Material supplied START
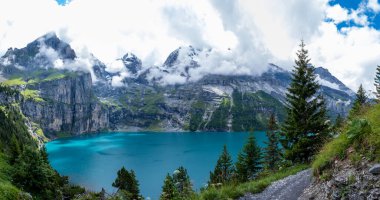 Benzersiz Oeschinensee Gölü 'nde çekici bir yaz sabahı. Bluemlisalp Dağı, Kandersteg Köyü, İsviçre, Avrupa ile İsviçre Alpleri 'nde harika bir açık hava sahnesi.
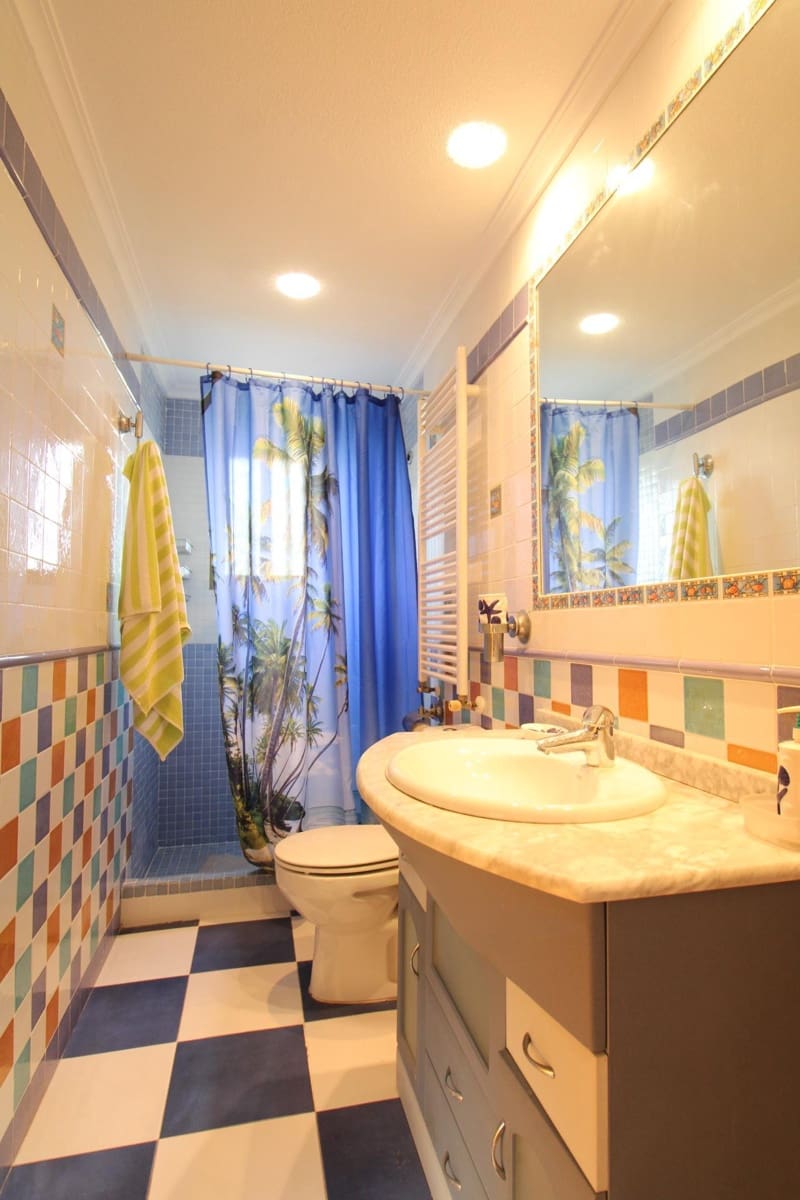 6 chambre Villa/Maison à vendre à San Vicente / Sant Vicent del Raspeig avec piscine garage - 690 000 € (Ref: 9386147)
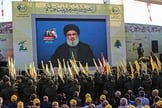 Simpatizantes do grupo terrorista xiita Hezbollah se reúnem para assistir à transmissão de um discurso do líder Hasan Nasrallah, no vale de Bekaa, no Líbano, em 25 de agosto de 2019. (Foto: Reprodução/AFP) 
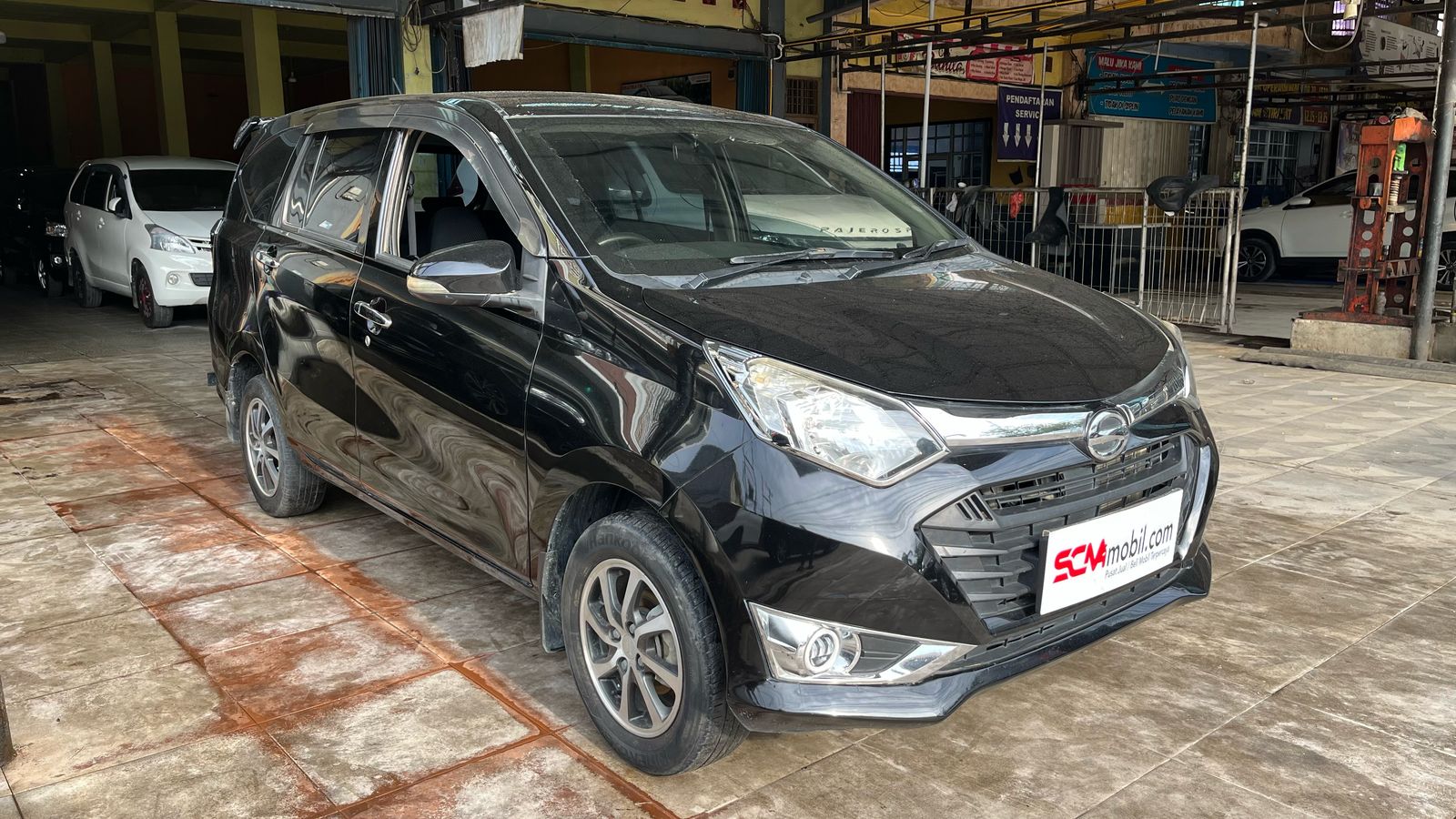 Daihatsu SIGRA 1,2 R 2019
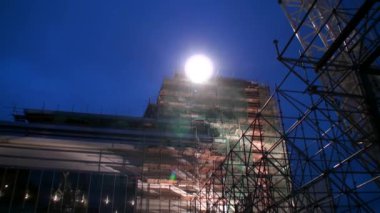 Heykel işçisi ve kolhoz kadının yapımı Vera Mukhina tarafından yapılmıştır.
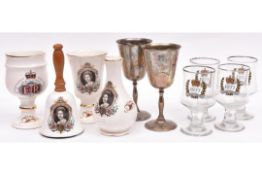 A small collection of 1977 Silver Jubilee souvenirs, comprising Royal Worcester china vase and two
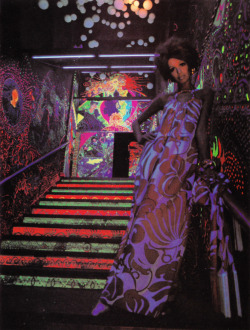 sweetjanespopboutique:  The staircase at The Electric Circus,19-25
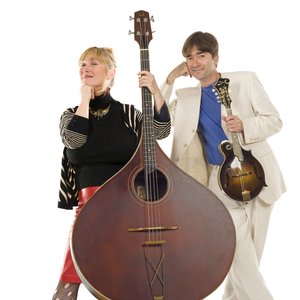 Simon Mayor & Hilary James 的头像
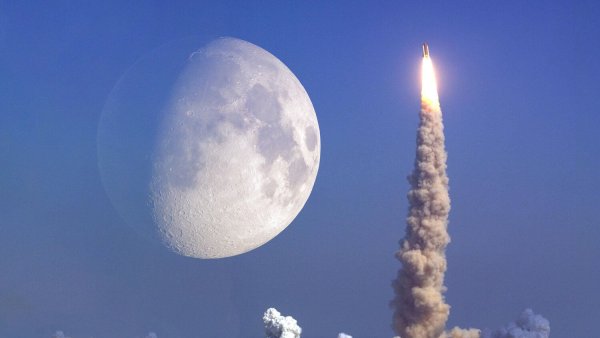 Ракета на Луне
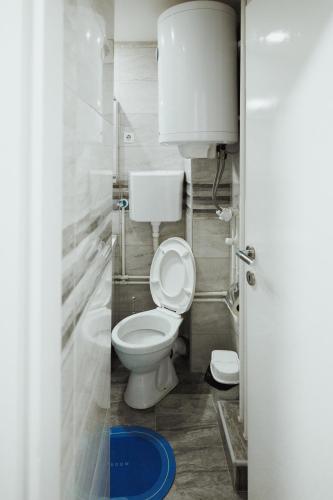 a bathroom with a white toilet in a room at LUX Apartman Jugi PARKING public free in Novi Pazar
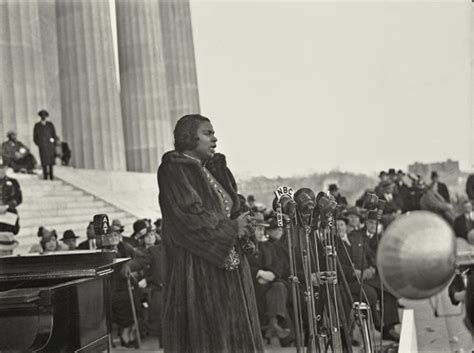 This Historic Marian Anderson Performance Made Her An Icon Of The Civil Rights Movement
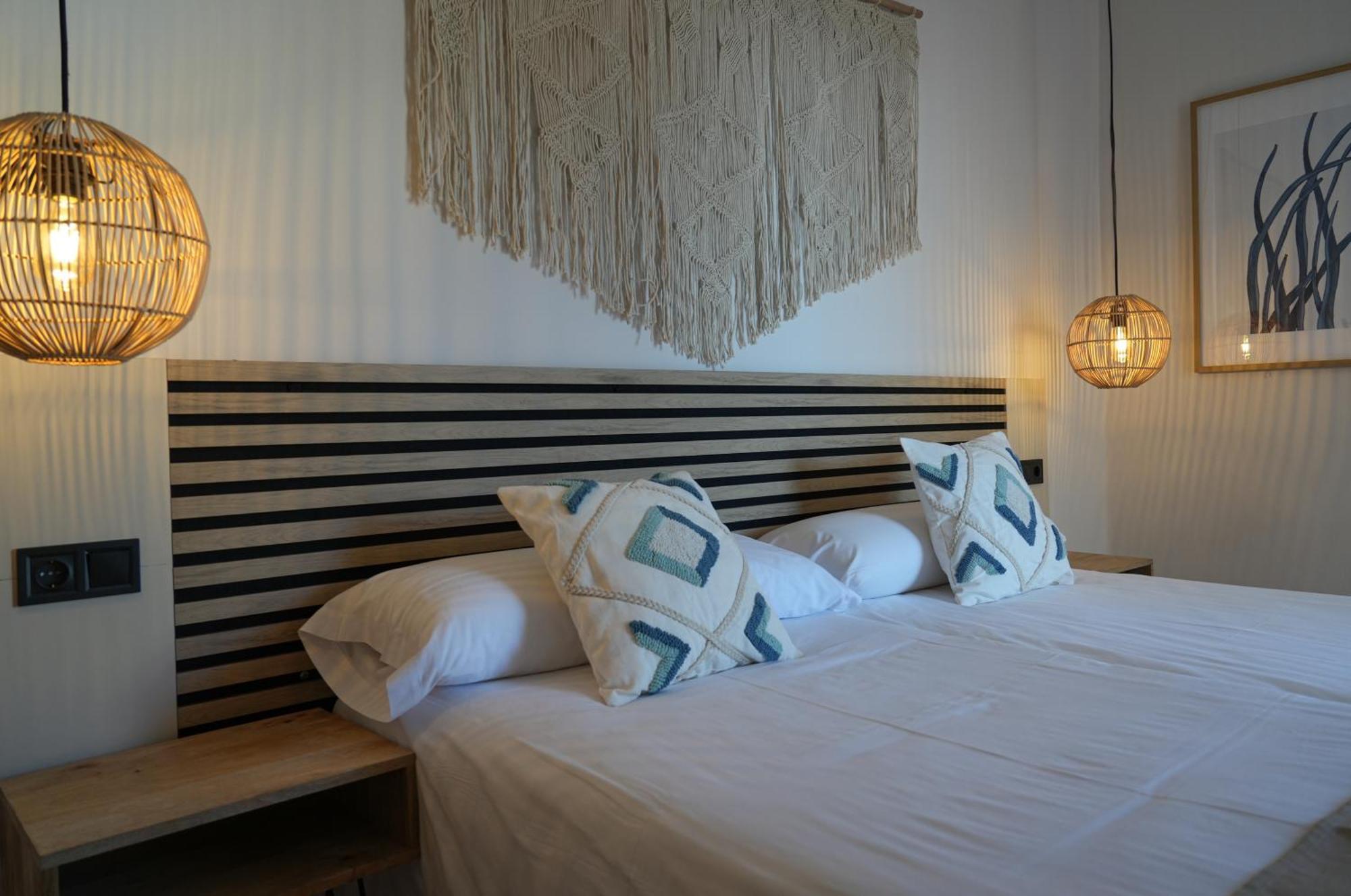 Apartamentos Ses Veles Cala Llonga  Exterior photo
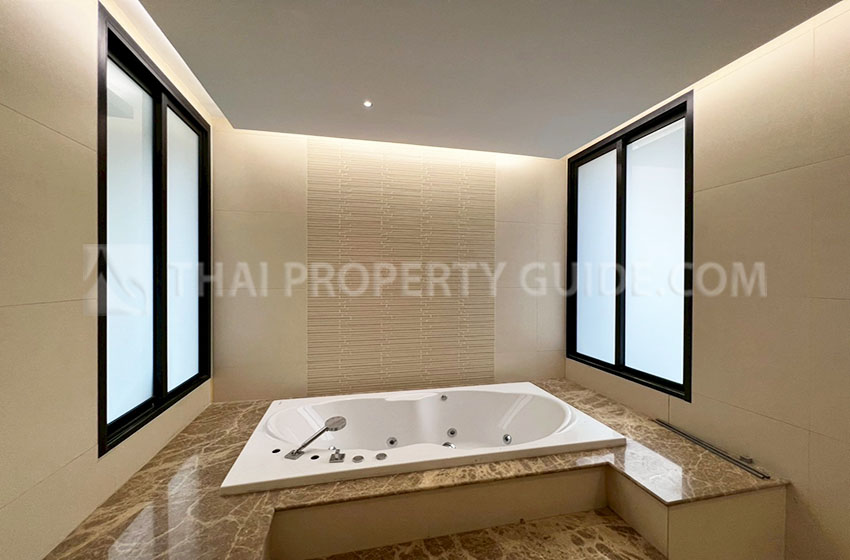 Apartment in Sukhumvit 
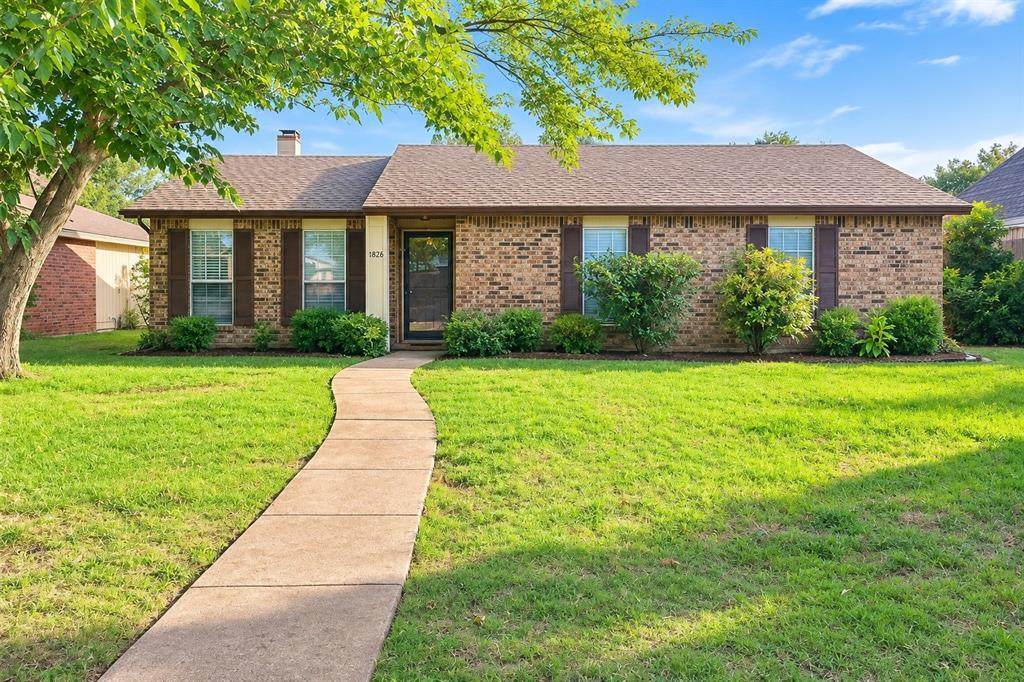 1828 Angelina Drive - Photo 1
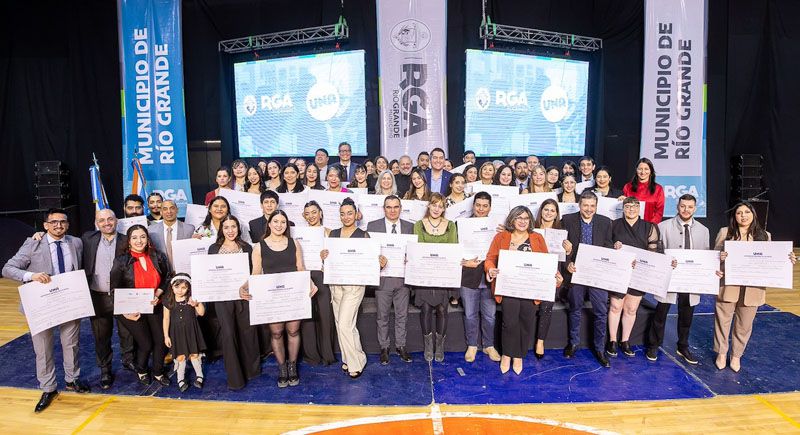 Río Grande celebró la primera colación de la Universidad Nacional de las Artes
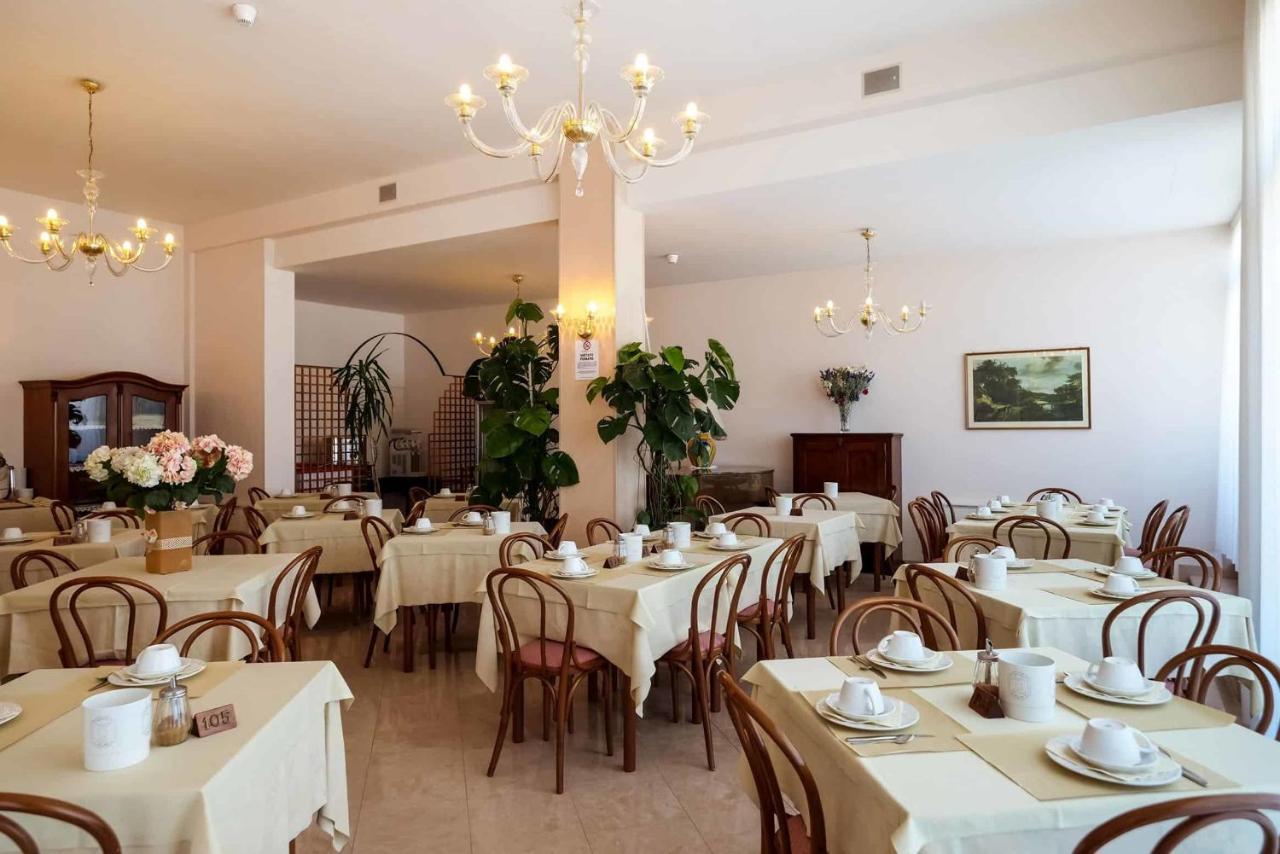Hotel De La Ville Сенигалия Екстериор снимка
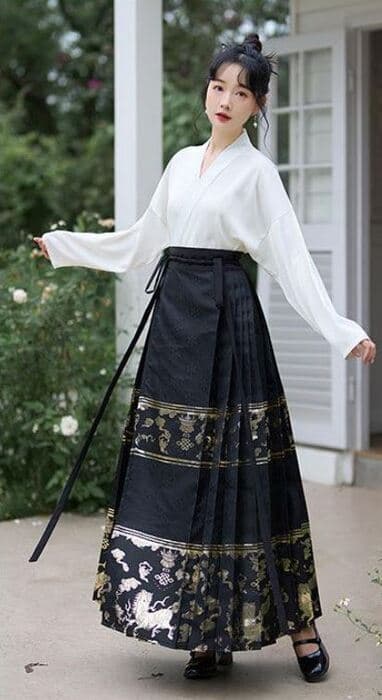 チャイナ服　ゴールド刺繍付きチャイナドレス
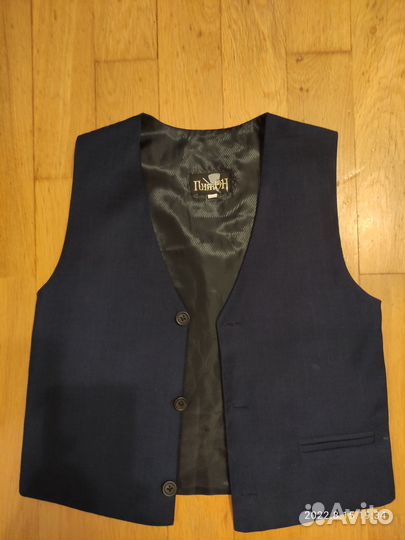 Продам жилетку классическую школьную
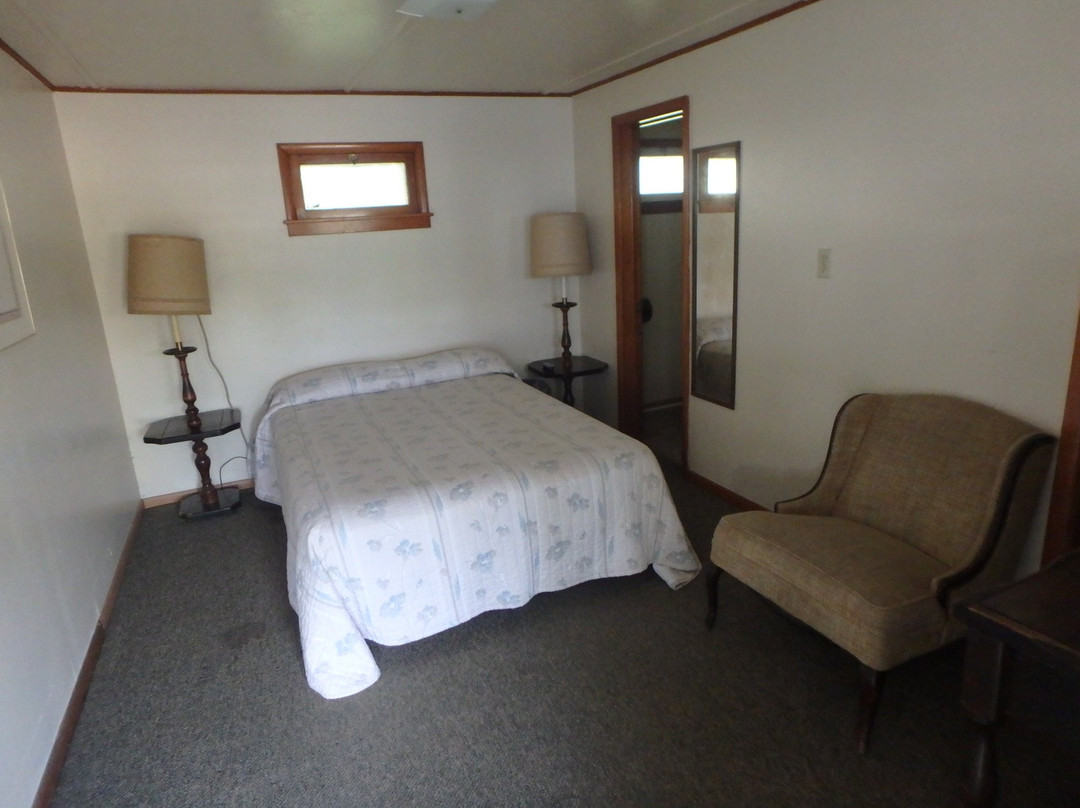 Riverside Inn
Material supplied END
Your objective
Please return all of the entries word for word, excluding the pictures.

Result for this exercise
 Benzersiz Oeschinensee Gölü 'nde çekici bir yaz sabahı. Bluemlisalp Dağı, Kandersteg Köyü, İsviçre, Avrupa ile İsviçre Alpleri 'nde harika bir açık hava sahnesi.
 6 chambre Villa/Maison à vendre à San Vicente / Sant Vicent del Raspeig avec piscine garage - 690 000 € (Ref: 9386147)
 Simpatizantes do grupo terrorista xiita Hezbollah se reúnem para assistir à transmissão de um discurso do líder Hasan Nasrallah, no vale de Bekaa, no Líbano, em 25 de agosto de 2019. (Foto: Reprodução/AFP) 
 Daihatsu SIGRA 1,2 R 2019
 Heykel işçisi ve kolhoz kadının yapımı Vera Mukhina tarafından yapılmıştır.
 A small collection of 1977 Silver Jubilee souvenirs, comprising Royal Worcester china vase and two
 sweetjanespopboutique:  The staircase at The Electric Circus,19-25
 Simon Mayor & Hilary James 的头像
 Ракета на Луне
 a bathroom with a white toilet in a room at LUX Apartman Jugi PARKING public free in Novi Pazar
 This Historic Marian Anderson Performance Made Her An Icon Of The Civil Rights Movement
 Apartamentos Ses Veles Cala Llonga  Exterior photo
 Apartment in Sukhumvit 
 1828 Angelina Drive - Photo 1
 Río Grande celebró la primera colación de la Universidad Nacional de las Artes
Hotel De La Ville Сенигалия Екстериор снимка
 チャイナ服　ゴールド刺繍付きチャイナドレス
 Продам жилетку классическую школьную
 Riverside Inn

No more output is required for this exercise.